EU: Ministers Propose Unprecedented Detention, Sanctions, and Stripping of Rights Based on Migration Status

EUROPE, 15 Dec 2025

Amnesty International - TRANSCEND Media Service

EU anti-immigration – Amnesty International  © Photo by ADNAN BECI/AFP via Getty Images

8 Dec 2025 – Responding to EU home affairs ministers’ position on the EU Return Regulation agreed in Brussels today, Olivia Sundberg Diez, EU Advocate on Migration and Asylum at Amnesty International, said:

“EU ministers’ position on the Return Regulation reveals the EU’s dogged and misguided insistence on ramping up deportations, raids, surveillance, and detention at any cost. These punitive measures amount to an unprecedented stripping of rights based on migration status and will leave more people in precarious situations and legal limbo.
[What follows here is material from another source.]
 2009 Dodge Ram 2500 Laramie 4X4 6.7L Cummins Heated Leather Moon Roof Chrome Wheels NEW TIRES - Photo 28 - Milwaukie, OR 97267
“In addition, EU member states continue to push for cruel and unworkable ‘return hubs’, or offshore deportation centres outside of the EU – forcibly transferring people to countries where they have no connection and may be detained for long periods, violating protections in international law. This approach mirrors the harrowing, dehumanizing and unlawful mass arrests, detention and deportations in the US, which are tearing families apart and devastating communities.

“Today, the Council has taken an already deeply flawed and restrictive Commission proposal and opted to introduce new punitive measures, dismantling safeguards and weakening rights further, rather than advancing policies that promote dignity, safety and health for all. They will inflict deep harm on migrants and the communities that welcome them.
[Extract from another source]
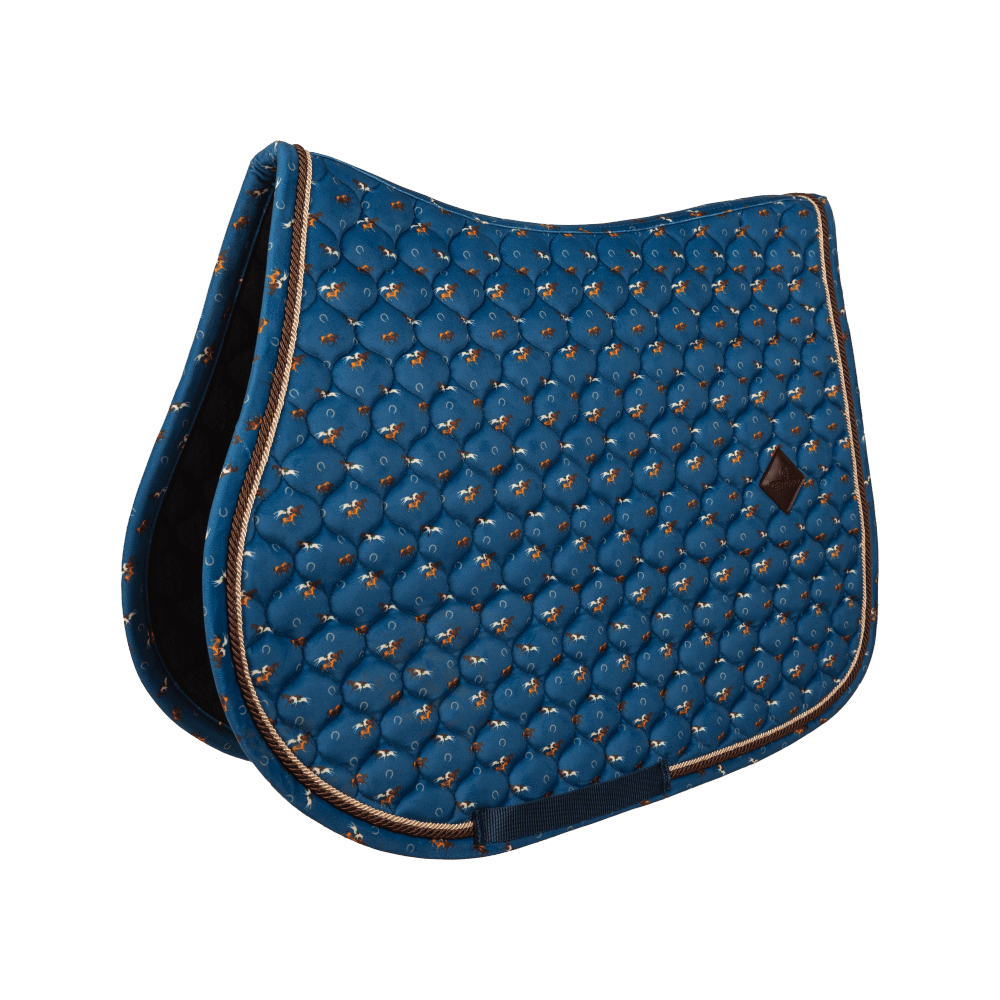 Schabracke Velvet Horse printing Dressage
“Amnesty International urges the European Parliament, which is yet to adopt its final position on the proposal, to reverse this approach and place human rights firmly at the centre of upcoming negotiations.”

Background

At today’s Justice and Home Affairs Council meeting, ministers from EU member states agreed on a negotiating position for the Council on new rules on returns or deportations at EU level, which the European Commission proposed in March 2025.
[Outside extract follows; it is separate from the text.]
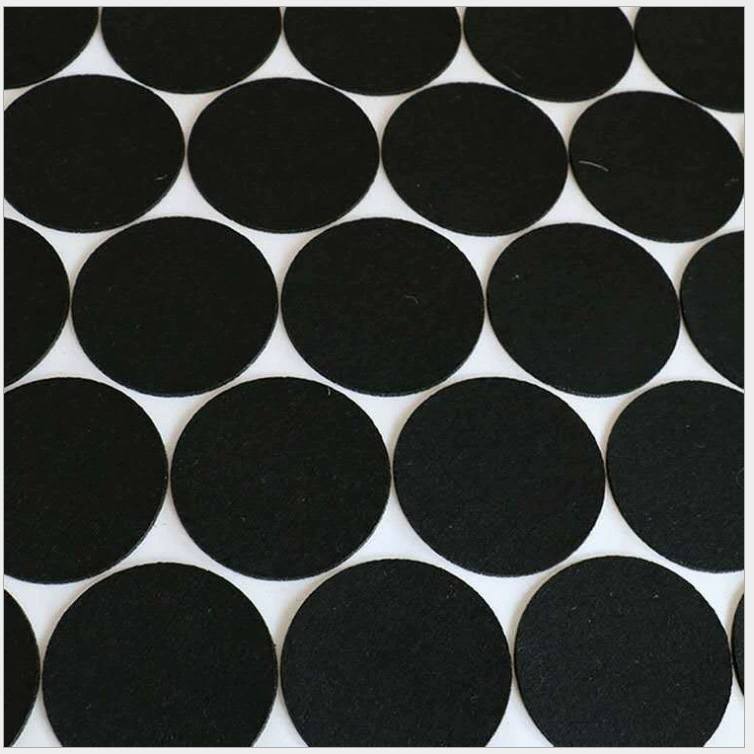 Крупные оптовые различные формы и цвета чувствовал обратно резиновый коврик нетканый материал Сильный вискоза прокладки нетканые прокладки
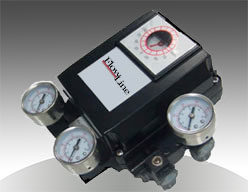 pneumatic valve positioner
Amnesty International said at the time that this proposal marked a “new low” for Europe’s treatment of migrants, and joined over 250 organizations in calling for its rejection in September.

Ministers now propose making detention the default for people issued deportation decisions and for up to two and a half years. The proposal would also expand obligations, surveillance and sanctions on people subject to deportation, including unreasonable requirements with which many will be unable to comply, if they lack identity documents or a fixed residence, for example. New measures would allow authorities to raid the person’s home or “other relevant premises” and to seize their belongings, paving the way for vast surveillance, discriminatory policing and racial profiling practices.

It would allow for indefinite detention of people posing a so-called threat to “public policy” or “public security” circumventing criminal justice – as well as limiting challenges to deportation orders, and independent monitoring of respect for human rights in deportation procedures. Meanwhile, states insist on leaving the door open for further sanctions, obligations, and grounds for detention in national law.

The European Parliament is also negotiating its position on the proposal, paving the way for interinstitutional negotiations in the coming months.

Home affairs ministers also reached agreement on two proposals under negotiation relating to the ‘safe third country’ concept in EU asylum law and to an EU list of ‘safe countries of origin’. Amnesty International has warned that these three proposals would seriously undermine territorial asylum in Europe as well as human dignity.